O deputado Fábio Trad (PSD-MS) criticou a postura tomada por Jair Bolsonaro, de jogar no colo do Congresso uma decisão que, acredita, seria do presidente. “É paradoxal, contraditório e constrangedor para o Parlamento. Se fosse lícito, ele próprio sancionaria. Não pediria que o Congresso o fizesse”, explicou o parlamentar ao Congresso em Foco.
O objetivo de Bolsonaro, argumentou o parlamentar, é ficar com o bônus da situação, relegando o ônus ao Legislativo. “Ele não age como um presidente da República, mas como candidato à reeleição. Usa de certa forma o Parlamento para satisfação de interesse eleitoral dele”, disse.
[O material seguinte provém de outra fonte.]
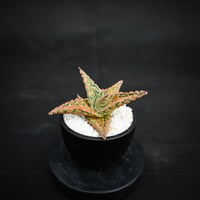 Aloe hybrid / アロエ ハイブリッド【微発根】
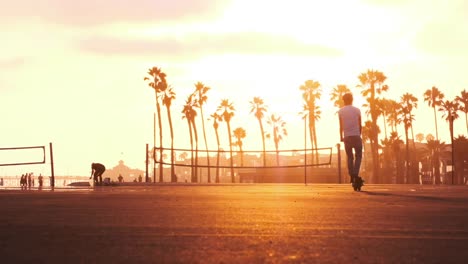 a man rides an electric scooter into the sunset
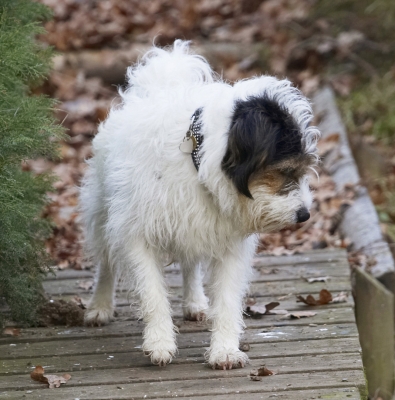 Hmmm I wonder wot's down there
Schlüsselwörter: Bridge Dog Dogs Muki Parson Russell Terrier Terriers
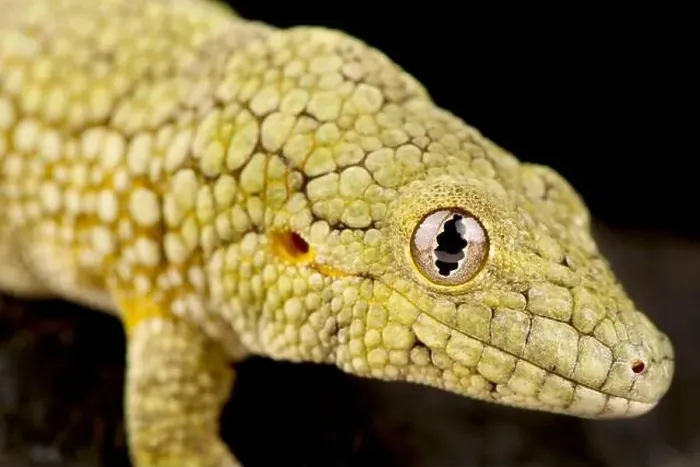 Framed Print : Vieillards chameleon gecko (Eurydactylodes vieillards)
Como relator, Trad rejeitou a emenda, mas sua decisão foi revertida pelo plenário da Câmara e, posteriormente, pelo do Senado.
Mourão
O vice-presidente da República, Hamilton Mourão, comentou a discussão travada entre Legislativo, Executivo e lideranças eclesiásticas. “É uma discussão política, então deixemos aos políticos que estão discutindo a questão política cheguem à uma conclusão sobre qual a melhor conclusão”, afirmou Mourão, em sua chegada ao Palácio do Planalto.
Questionado se o pedido de Bolsonaro para que o veto fosse mantido mandaria um sinal indesejado, Mourão defendeu que faz parte de uma decisão política, e que uma posição baseada em fatores puramente econômicos seria mais fácil de ser tomada.
CNBB
No sábado (12), a Conferência Nacional dos Bispos do Brasil (CNBB) se mostrou contra o perdão tributário previsto pela emenda “jabuti” às organizações religiosas.
Em nota, a entidade afirmou que não participou da elaboração ou da discussão do projeto de lei, e que o tema não pode ser discutido de modo incidental e praticamente silencioso, “sob o risco de surgirem interesses particulares que maculem a própria discussão”.
“A CNBB desde muito reclama tratamento adequado por parte do governo em relação a demandas históricas e até hoje não atendidas”, afirma a nota da organização, que representa os dirigentes da Igreja Católica Apostólica Romana no Brasil. “Que isso se faça, portanto, separando os casos condenáveis daqueles que reúnem clamores legítimos e justos respeitando a verdade, a justiça e o bem social.”